PARTY
POPS

PARTY
POPS


Ingredients

Components & decoration

Truffle shells

Pâte sablé

Debic Parfait

Debic Tiramisù

Grounded pistachios

Violet sugar

Freeze dried strawberry powder

Grounded champagne biscuits

Chocolate ganache

500 g Debic Tiramisù

200 g milk

70 g dark chocolate

Debic Parfait variations

125 g peanutbutter

70 g spéculoos crumbs

120 g lemon curd

65 g Cointreau 60% vol

75 g pistachio paste

Debic Cream Plus
Mascarpone variations

100 g dark ganache

lemon zests

½ vanilla pod

55 g Cognac Rémy Martin

Preparation

Chocolate ganache

Heat the milk with the Debic Tiramisù. Pour over the dark chocolate and mix with a hand blender. Pour in small tartelettes.

Debic Parfait variations

Whip the Debic Parfait and add one of the variations to the mixture. Pipe into chocolate truffle shells. Put a wooden stick in and freeze.

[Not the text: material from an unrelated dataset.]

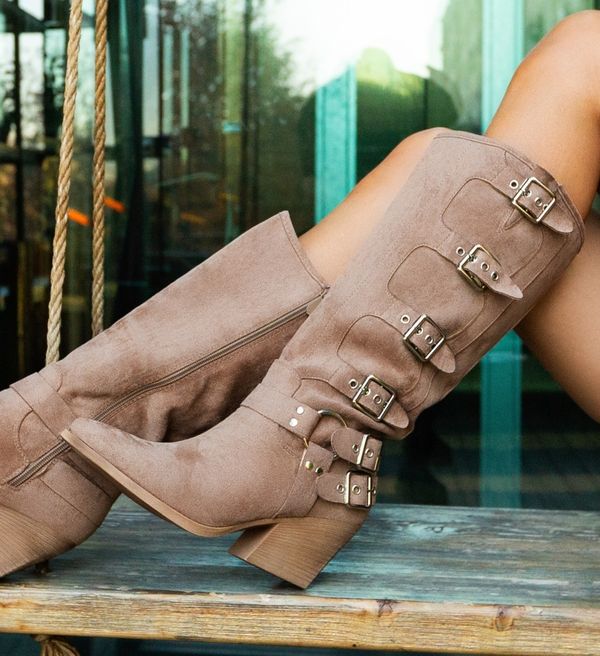 Ali Ботуши Aronas Каки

Dip in chocolate (dark, white, Ruby,…)

Debic Cream Plus
Mascarpone variations

Whip the Debic Cream Plus Mascarpone and add one of the variations to the mixture. Pipe on the filled tartelettes and leave to cool.

ASSEMBLY & FINISH

Combine the tartelettes with the truffle shells and compose an assortment with different flavors and colors.